Ionice can change the Task Type and priority, but only the CFQ scheduler can use ionice.
There are three examples to illustrate the functions of ionice:
Real-time scheduling using CFQ with a priority of 7
Ionice-C1-N7-ptime dd If =/dev/sda1 F =/tmp/test BS = 2 m COUNT = 300 &
Use the default disk I/O Scheduling with a priority of 3
Ionice-C2-N3-ptime dd If =/dev/sda1 F =/tmp/test BS = 2 m COUNT = 300 &
Idle disk scheduling with a priority of 0
Ionice-C3-N0-ptime dd If =/dev/sda1 F =/tmp/test BS = 2 m COUNT = 300 &

The three scheduling methods of ionice have the highest real-time scheduling, followed by default I/O scheduling, and finally idle disk scheduling.
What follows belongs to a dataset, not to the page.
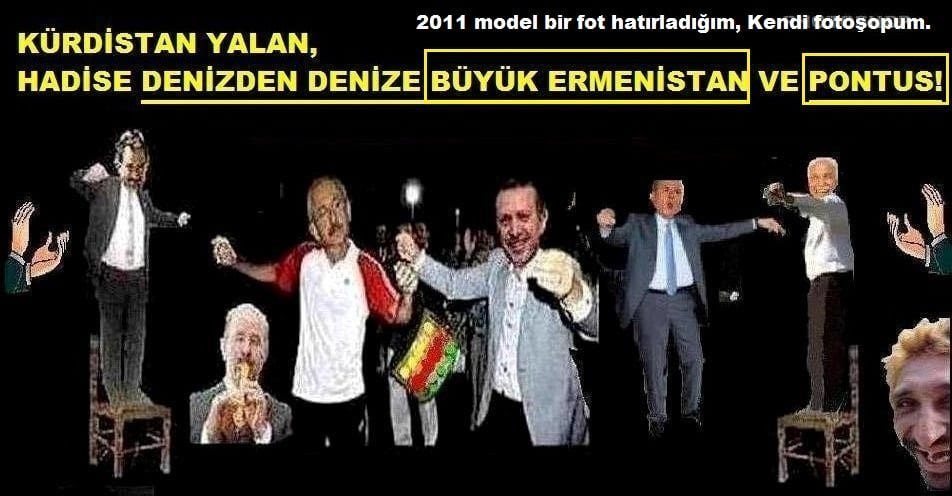 https://www.turkishnews.com/wp-content/uploads/2016/05/88-0888.jpg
There are eight disk scheduling priorities for ionice, with a maximum of 0 and a minimum of 7.
Note that the disk scheduling priority has nothing to do with the nice process priority.
One is the priority of process I/O, and the other is the priority of process CPU.